Der Pferdekopfnebel im Sternbild Orion ist unter Astronomen wohl eines der bekanntesten Objekte am Himmel. Die relativ dunkle Struktur befindet sich von uns aus gesehen gut sichtbar vor der leuchtenden H II-Region IC434, die in der Nähe des Orion Gürtelsterns Alnitak in Nord-Süd-Richtung verläuft. Er ist allerdings auch physikalisch ein Teil von IC434.
Die erste bekannte Erwähnung des markanten, leuchtenden Bereichs stammt von Wilhelm Herschel. Er gab ihm 1811 die Bezeichnung Objekt Nr. 25. Der Pferdekopfnebel selbst wurde zum ersten Mal von Williamina Paton Stevens Fleming 1888 auf einer Fotoplatte identifiziert [1]. Es wurde damals schon bald klar, dass es sich nicht um einen Bereich ohne Sterne, sondern um ein reales Objekt aus Staub und Gas handelt. Deshalb trägt der Pferdekopfnebel seit 1919 in Barnards Katalog die Bezeichnung B33 [2].
Diese Ansammlung interstellaren Gases ist aber nicht nur wegen seines zufällig für uns auf der Erde so markanten Erscheinungsbildes interessant. Tatsächlich wurde in den letzten zwei Jahrzehnten dank verbesserter technischer Möglichkeiten viel Forschungsarbeit darauf verwendet, die Vorgänge und den Aufbau dieser Struktur zu erkunden.
B33 ist von den bekannten Photodissoziationsregionen* der Erde am nächsten. In diesen Bereichen werden neutrales Gas (meist Wasserstoff) und Staub durch Strahlung einer ihrerseits durch UV-Strahlung massiver junger Sterne ionisierten Gaswolke zusammengedrückt. Hierbei entstehen oft dichte säulenartige Strukturen, die manchmal wegen ihres Aussehens als Elefantenrüssel bezeichnet werden.
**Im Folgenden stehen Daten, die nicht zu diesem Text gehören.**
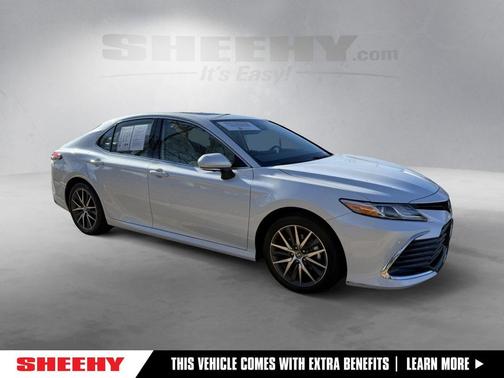 2024 Toyota Camry Hybrid XLE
Ob hier auch Stoßfronten eine Rolle spielen, die bei dem Auftreffen des Gases der H II Region auf das umliegende Gas entstehen, ist nach wie vor in der Diskussion. Außerdem spielen Magnetfelder innerhalb der Struktur eine Rolle [3].
Der Stern Sigma Orionis wird als die starke UV-Quelle angesehen, die die Gaswolke IC434 ionisiert. Es handelt sich um einen massereichen, strahlungsintensiven Stern der Klasse OB, der einem Mehrfachsystem angehört. Sein Abstand zu uns wird mit 1265 +/- 4,3 Lichtjahren angegeben, während der Abstand von B33 zu uns auf der Erde etwa 1300 Lichtjahre betragen soll. Das wird als ausreichend nah zueinander angenommen, um die Entstehung junger Sterne auszulösen. Die gesamte Masse des Pferdekopfnebels beträgt etwa 27 Sonnenmassen [3] [4].
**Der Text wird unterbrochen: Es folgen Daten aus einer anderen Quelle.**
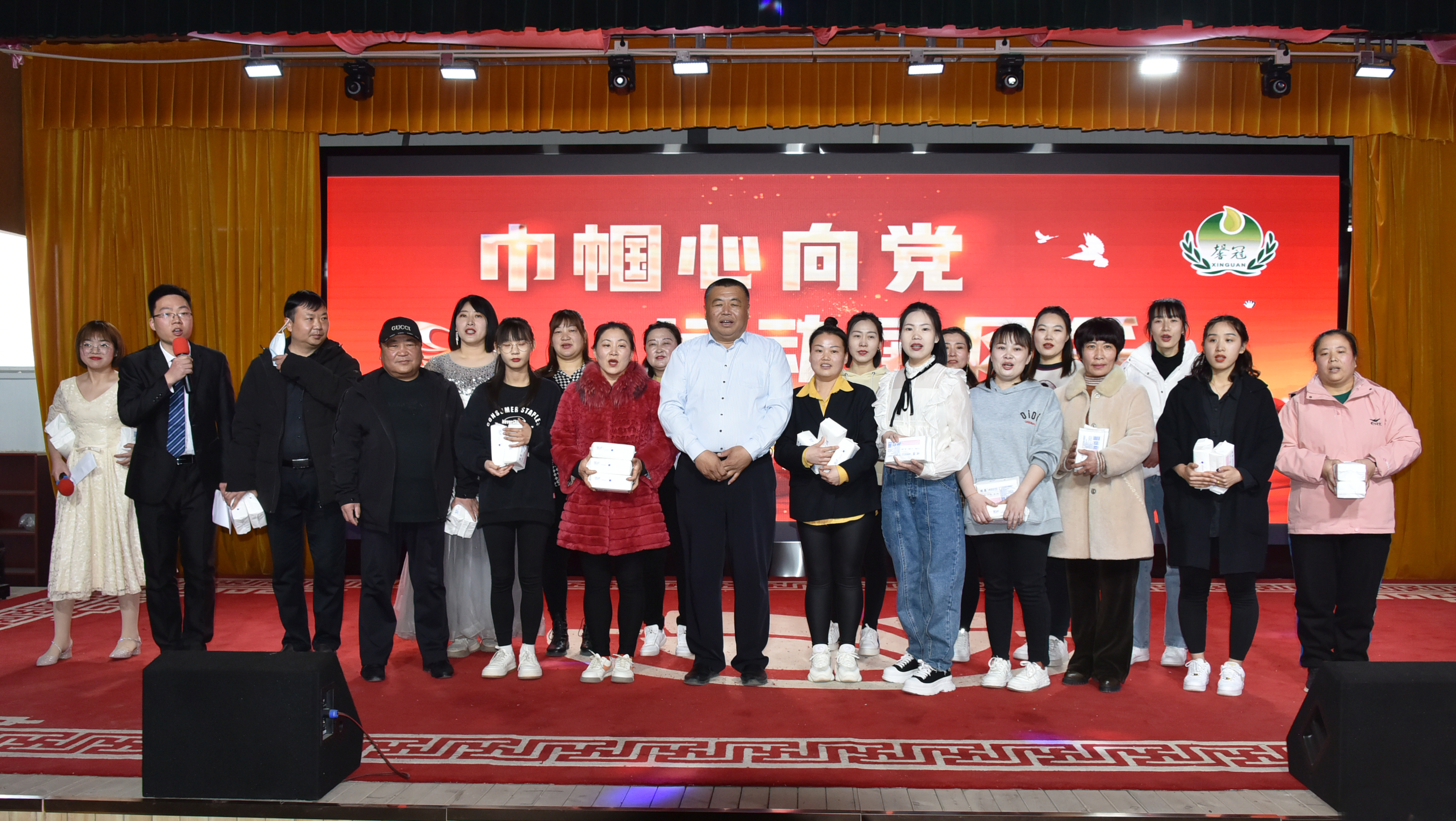 巾幗心向黨，運(yùn)動(dòng)展風(fēng)采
Seit 1984 wird im Pferdekopfnebel nach jungen Sternen gesucht. Hierfür beobachtet man im infraroten Spektralbereich, wodurch man viel tiefer in die der optischen Beobachtung verborgenen Bereiche eindringen kann. Es wurden verschiedene starke Infrarotquellen gefunden, die junge, in der Entstehung befindliche Sterne sein können [3]. Sowohl das Weltraum Teleskop EUCLID als auch das im Infraroten arbeitende James Webb Teleskop werden bei der Erforschung dieses Sternentstehungsgebietes im Pferdekopfnebel noch viele spannende Erkenntnisse bringen [5] [6].
* Photodissoziation oder auch Photolyse ist die Aufspaltung von Molekülen durch energiereiche Strahlung wie z. B. UV-Licht. Die intensive energiereiche Strahlung und der Sternenwind eines Sterns – hier sind besonders junge massereiche Sterne relevant – wirken auf das umgebende interstellare Medium, bestehend zum großen Teil aus HII, ein und bewirken neben der Photodissoziation auch die Strukturbildung.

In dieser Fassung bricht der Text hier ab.